Los asiáticos han sido estereotipados como extremadamente ambiciosos, taimados y sectarios. Los afroamericanos, a su vez, son considerados gritones y haraganes. Los hispanos somos vistos como perezosos, promiscuos y, en el caso de los hombres, sumamente “machistas”. No mencionaré aquí los estereotipos más comunes atribuidos a cada grupo de inmigrantes hispanos en Estados Unidos para no ser portavoz de la ignominia.
Los prejuicios son las disposiciones y evaluaciones que se realizan, por lo general desfavorables, acerca de algo que no se conoce bien. La señora que afirmaba que “yo hablaba bien el castellano para ser cubano”, no ha tenido (ni tendrá) la posibilidad de escuchar a más de una docena de millones de mis compatriotas para poder emitir un acertado juicio.
De la misma forma, aquellos que llaman “balseros” a cualquier cubano, despectivamente, por sólo mencionar un ejemplo, con el ánimo de mermar el valor de la inmigración cubana en EE.UU. – además de subvalorar lo épico de tan grandiosa empresa, y los logros de muchos de ellos (como los de cualquier otro rebaño de inmigrantes en cualquier parte del mundo, integrado indistintamente por ovejas mansas y díscolas) – desconocen que anualmente llegan a Estados Unidos más cubanos por vía aérea que en embarcaciones (20 000 visas anuales son otorgadas sólo a cubanos, además de participar éstos también en el sorteo de las otras 50 000 que otorga todos los años el gobierno estadounidense).

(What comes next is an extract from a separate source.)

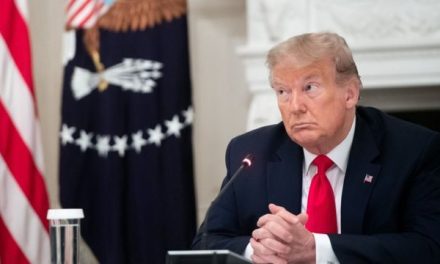 Jueza federal rechaza argumentos de inmunidad presidencial de Trump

El nacionalismo tiene además una faceta etnocéntrica, es decir, la tendencia emocional que hace de la cultura propia el criterio exclusivo para interpretar los comportamientos de otros grupos, razas o sociedades.
La persona etnocentrista piensa que el grupo al que pertenece es superior a cualquier otro, y que todo debe girar alrededor de éste. Al comentarle a una señora que la cena típica de Nochebuena en Cuba incluía frijoles negros, me respondió, con patente tono despectivo: “En mi país, los únicos que comen frijoles ese día son los pobres”.
De la misma manera que nos preocupamos por proteger el medio ambiente, debemos defender nuestras "moradas del castillo interior", a las que se refiere la irresistible prosa teresiana. No nacemos con estereotipos y prejuicios. Se nos inculcan. Así como los aprendemos y aprehendemos, podemos muy bien sacudírnoslos.